The case is: Eshel v. Commission, No. 14-1215 (D.C. Cir. August 5, 2016). Read the D.C. Circuit’s decision [PDF 82 KB]
The Tax Court in its 2014 opinion reported that the United States and France in 1987 entered into a totalization agreement to coordinate benefits under their respective social security systems. The individual taxpayers in 2008 and 2009 paid two taxes to the French government—la contribution sociale généralisée (CSG) and la contribution pour le remboursement de la dette sociale (CRDS)—and claimed credits for these payments under Code section 901. The IRS disallowed the claimed credits, contending that the taxpayers paid CSG and CRDS to France in accordance with the terms of the United States-France totalization agreement.

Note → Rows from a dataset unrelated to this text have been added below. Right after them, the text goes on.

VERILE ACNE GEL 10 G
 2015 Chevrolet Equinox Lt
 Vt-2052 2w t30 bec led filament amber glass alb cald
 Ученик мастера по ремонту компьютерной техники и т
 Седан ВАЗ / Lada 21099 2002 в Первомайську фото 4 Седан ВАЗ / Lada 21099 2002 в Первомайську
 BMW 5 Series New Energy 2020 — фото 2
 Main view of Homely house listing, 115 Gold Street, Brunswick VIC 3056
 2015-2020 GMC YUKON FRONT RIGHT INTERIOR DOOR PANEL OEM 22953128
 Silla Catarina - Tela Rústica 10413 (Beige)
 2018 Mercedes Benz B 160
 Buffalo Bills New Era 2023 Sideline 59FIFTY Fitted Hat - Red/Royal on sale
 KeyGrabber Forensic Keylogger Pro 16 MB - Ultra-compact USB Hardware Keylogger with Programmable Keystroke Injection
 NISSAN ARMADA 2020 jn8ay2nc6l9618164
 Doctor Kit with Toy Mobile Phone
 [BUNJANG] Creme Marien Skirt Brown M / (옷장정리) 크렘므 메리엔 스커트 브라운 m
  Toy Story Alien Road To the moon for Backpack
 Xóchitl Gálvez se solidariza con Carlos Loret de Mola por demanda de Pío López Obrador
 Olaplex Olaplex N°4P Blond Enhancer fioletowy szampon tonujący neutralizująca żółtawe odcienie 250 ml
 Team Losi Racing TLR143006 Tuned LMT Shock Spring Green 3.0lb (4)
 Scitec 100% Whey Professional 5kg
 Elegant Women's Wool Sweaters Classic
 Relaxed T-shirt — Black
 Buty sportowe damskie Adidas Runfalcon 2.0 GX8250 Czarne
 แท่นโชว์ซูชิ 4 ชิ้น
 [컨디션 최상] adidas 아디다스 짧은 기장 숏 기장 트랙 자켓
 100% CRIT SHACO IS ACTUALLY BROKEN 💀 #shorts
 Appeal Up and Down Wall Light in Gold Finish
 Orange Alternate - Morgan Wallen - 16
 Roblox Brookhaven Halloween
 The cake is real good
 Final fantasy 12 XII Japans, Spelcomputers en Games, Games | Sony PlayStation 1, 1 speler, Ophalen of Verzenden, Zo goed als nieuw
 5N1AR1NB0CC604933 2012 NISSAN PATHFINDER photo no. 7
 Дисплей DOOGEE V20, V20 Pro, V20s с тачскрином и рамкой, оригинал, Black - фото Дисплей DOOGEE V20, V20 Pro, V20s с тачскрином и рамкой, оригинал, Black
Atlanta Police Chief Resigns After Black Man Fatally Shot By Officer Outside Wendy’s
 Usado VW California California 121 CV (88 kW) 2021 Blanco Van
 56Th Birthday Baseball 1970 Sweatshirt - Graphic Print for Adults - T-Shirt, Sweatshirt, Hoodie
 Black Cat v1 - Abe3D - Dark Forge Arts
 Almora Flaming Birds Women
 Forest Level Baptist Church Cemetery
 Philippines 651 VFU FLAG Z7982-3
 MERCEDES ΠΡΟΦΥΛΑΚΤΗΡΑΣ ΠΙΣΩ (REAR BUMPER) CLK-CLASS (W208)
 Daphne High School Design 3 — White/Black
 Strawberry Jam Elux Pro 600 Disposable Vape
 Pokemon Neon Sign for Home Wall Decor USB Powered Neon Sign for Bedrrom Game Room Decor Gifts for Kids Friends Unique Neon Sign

The Tax Court granted summary judgment for the IRS, finding that CSG and CRDS—having been adopted by France after the totalization agrement—amended or supplemented the totalization agreement and thus were not creditable for U.S. income tax purposes. The Tax Court concluded that U.S. social security provisions precluded the taxpayers’ foreign tax credits for CSG and CRDS paid to France in 2008 and 2009.
Today, the D.C. Circuit reversed and remanded, finding that the Tax Court committed legal error in not analyzing the text of the totalization agreement or the understanding of the U.S. and French governments.